* **WORK TASK**:
Word for word, please restate each record and pass over the pictures.

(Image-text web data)
◆ ◆ ◆
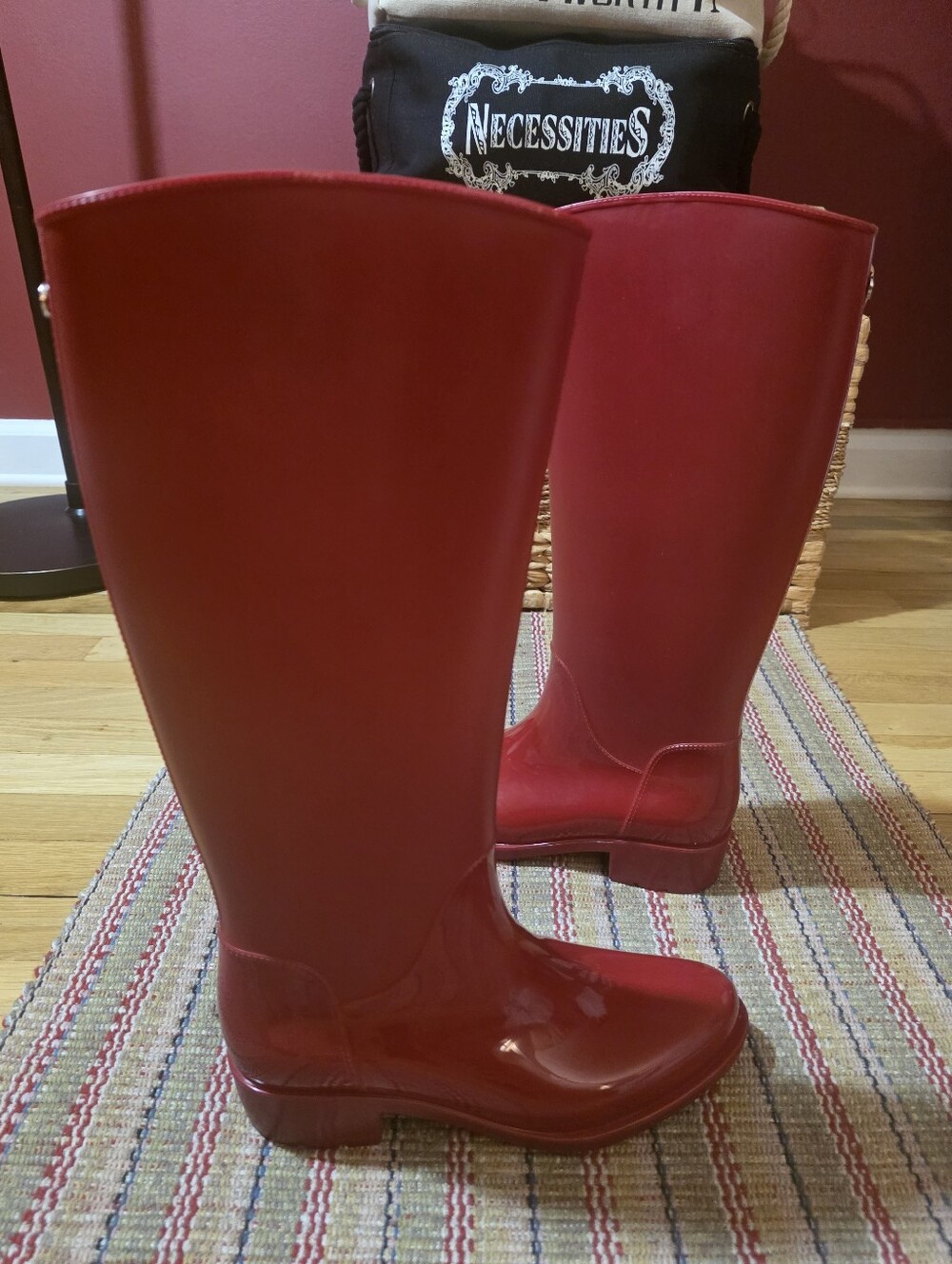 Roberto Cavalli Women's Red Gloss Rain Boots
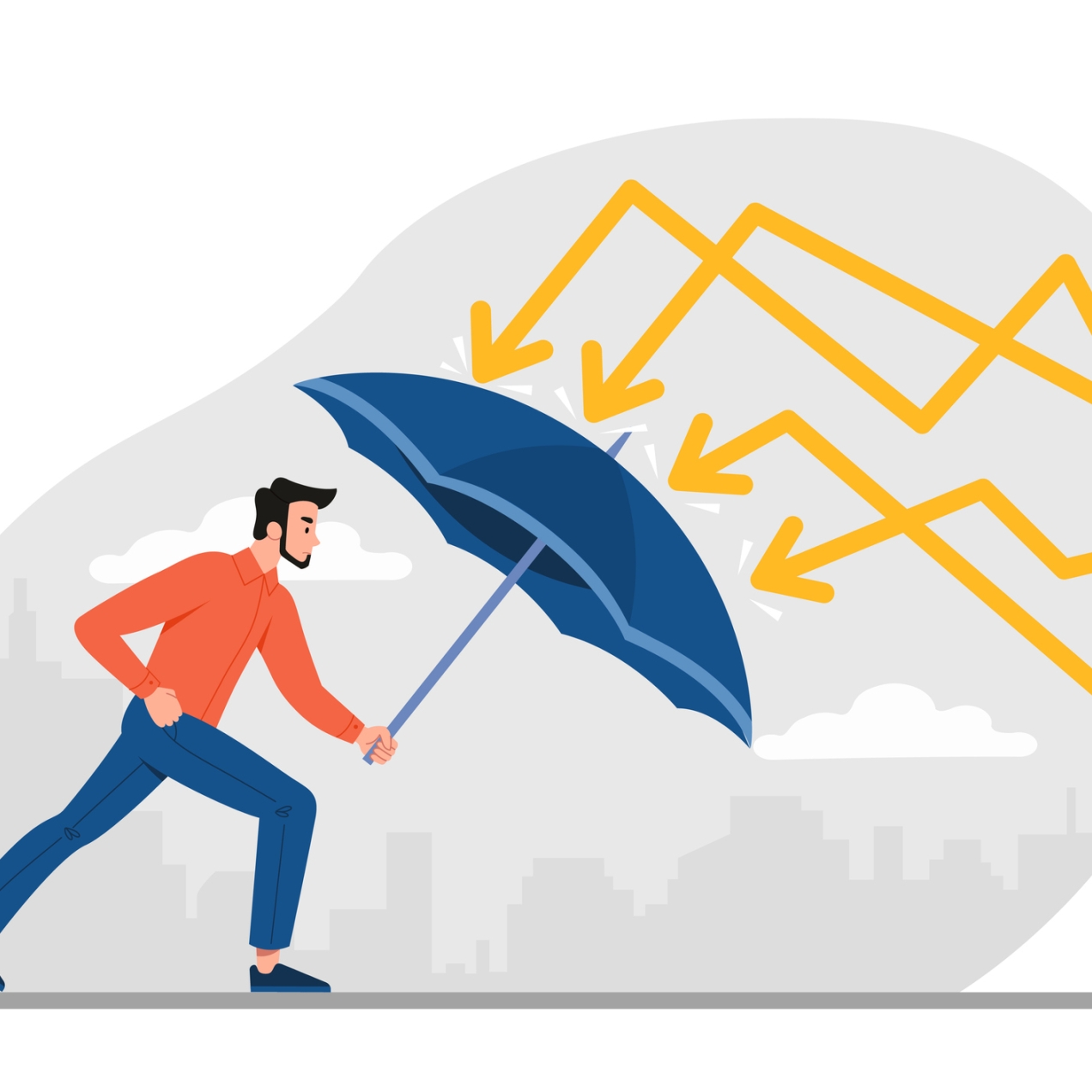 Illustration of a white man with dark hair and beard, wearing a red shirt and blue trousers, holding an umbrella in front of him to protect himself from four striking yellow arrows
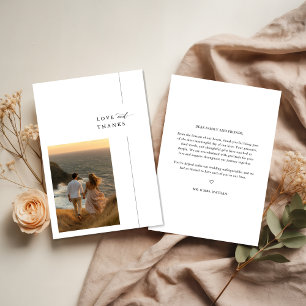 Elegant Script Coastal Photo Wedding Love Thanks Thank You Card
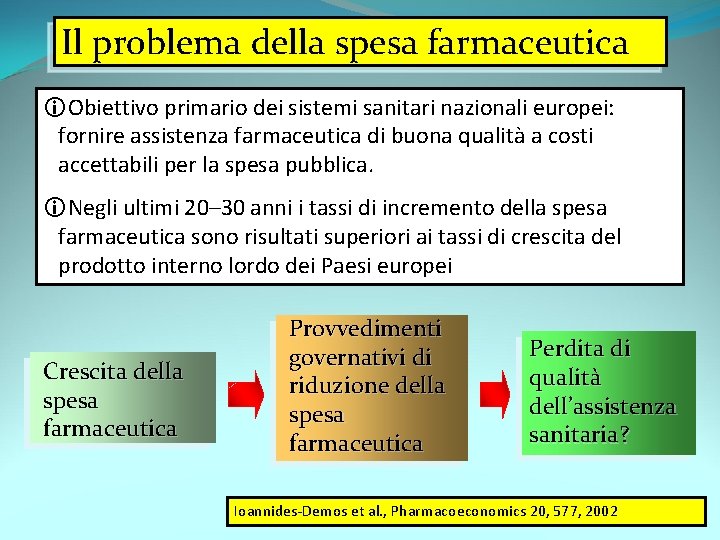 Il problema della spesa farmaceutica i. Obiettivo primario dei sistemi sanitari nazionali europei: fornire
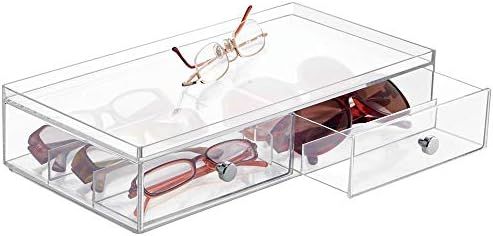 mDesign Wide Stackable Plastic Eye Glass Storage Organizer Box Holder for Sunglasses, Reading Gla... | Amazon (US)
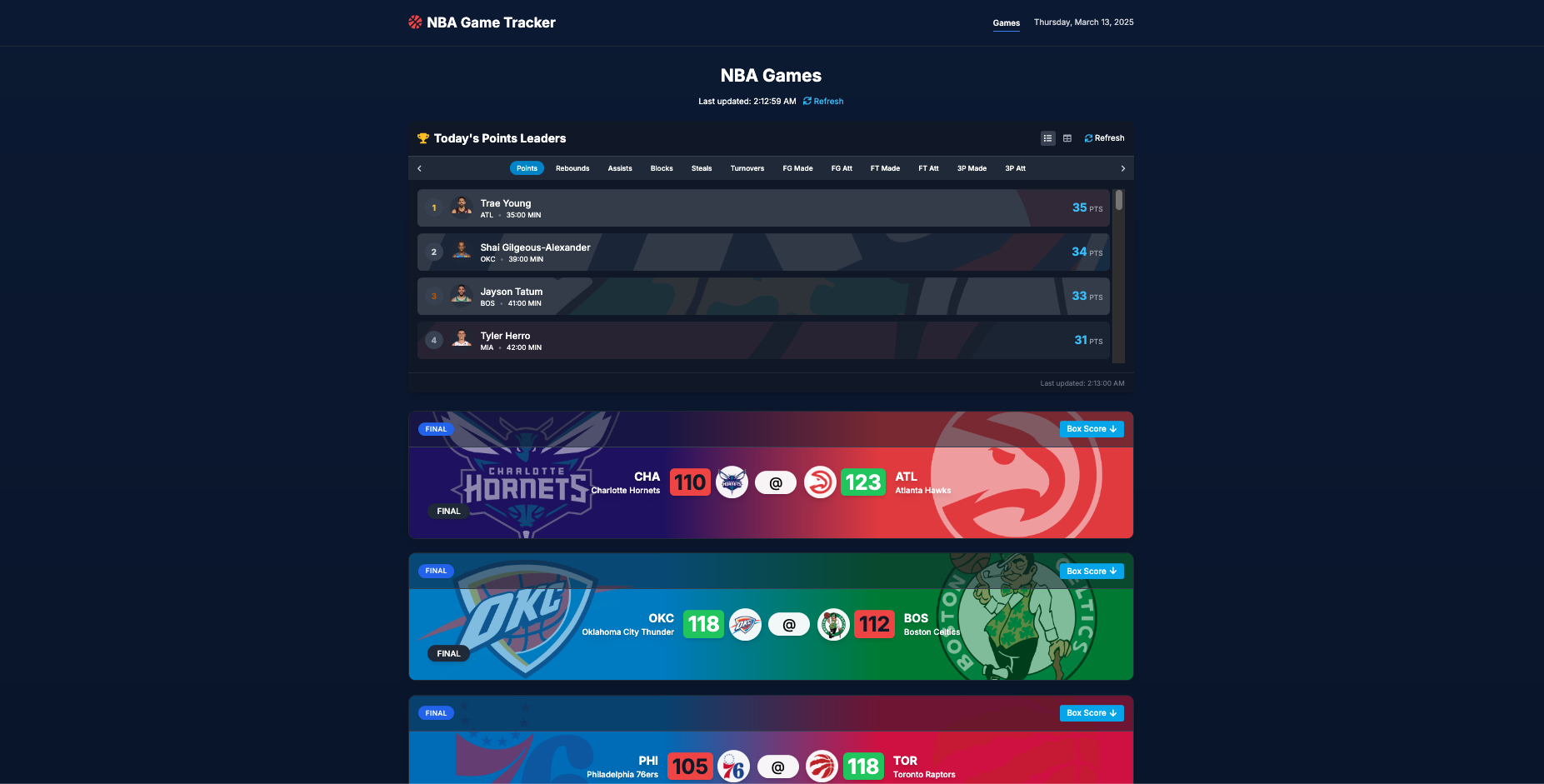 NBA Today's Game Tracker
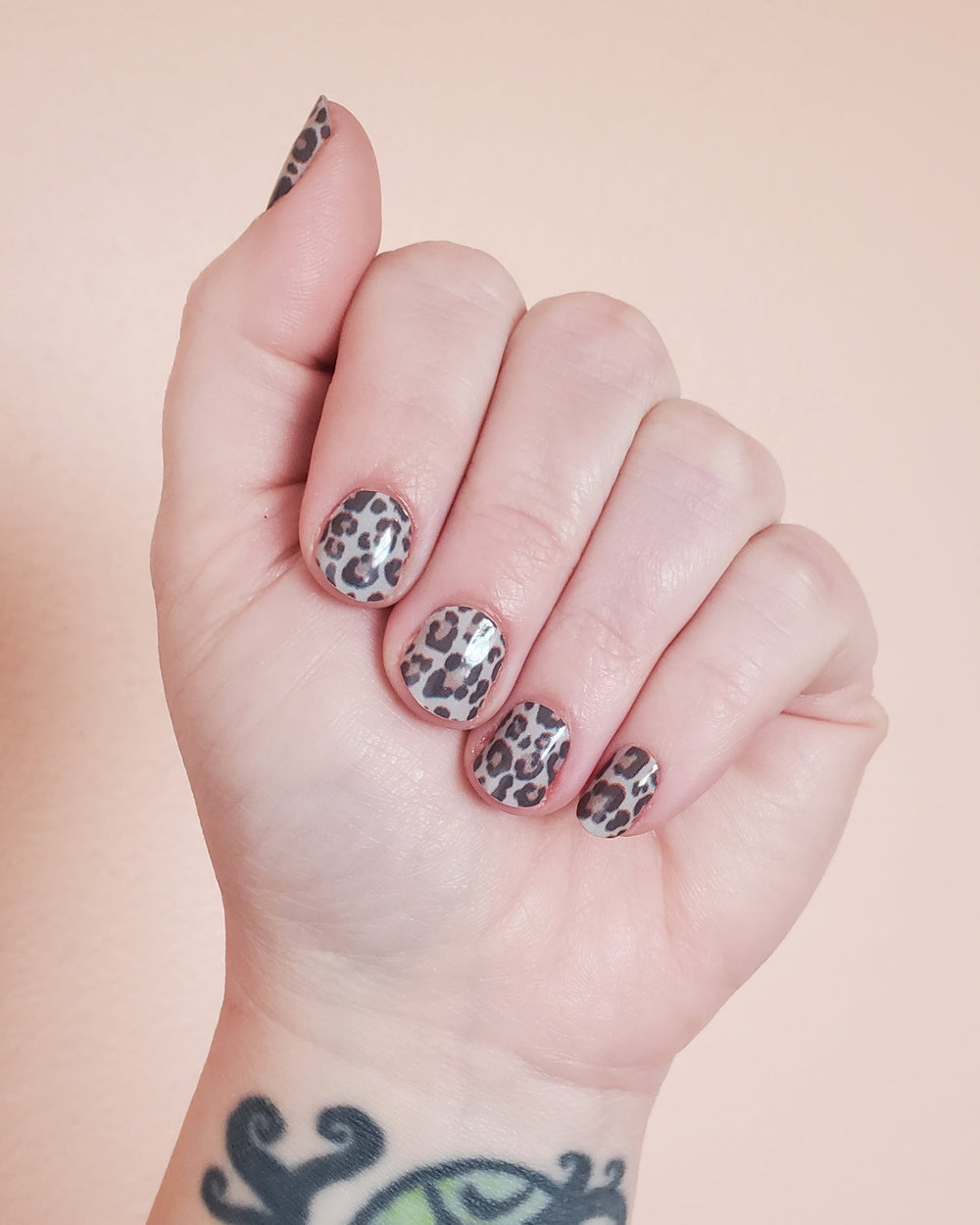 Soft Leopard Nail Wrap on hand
◆ ◆ ◆
* **SOLUTION TO THIS PROBLEM**:
 Roberto Cavalli Women's Red Gloss Rain Boots
 Illustration of a white man with dark hair and beard, wearing a red shirt and blue trousers, holding an umbrella in front of him to protect himself from four striking yellow arrows
 Elegant Script Coastal Photo Wedding Love Thanks Thank You Card
 Il problema della spesa farmaceutica i. Obiettivo primario dei sistemi sanitari nazionali europei: fornire
 mDesign Wide Stackable Plastic Eye Glass Storage Organizer Box Holder for Sunglasses, Reading Gla... | Amazon (US)
 NBA Today's Game Tracker
 Soft Leopard Nail Wrap on hand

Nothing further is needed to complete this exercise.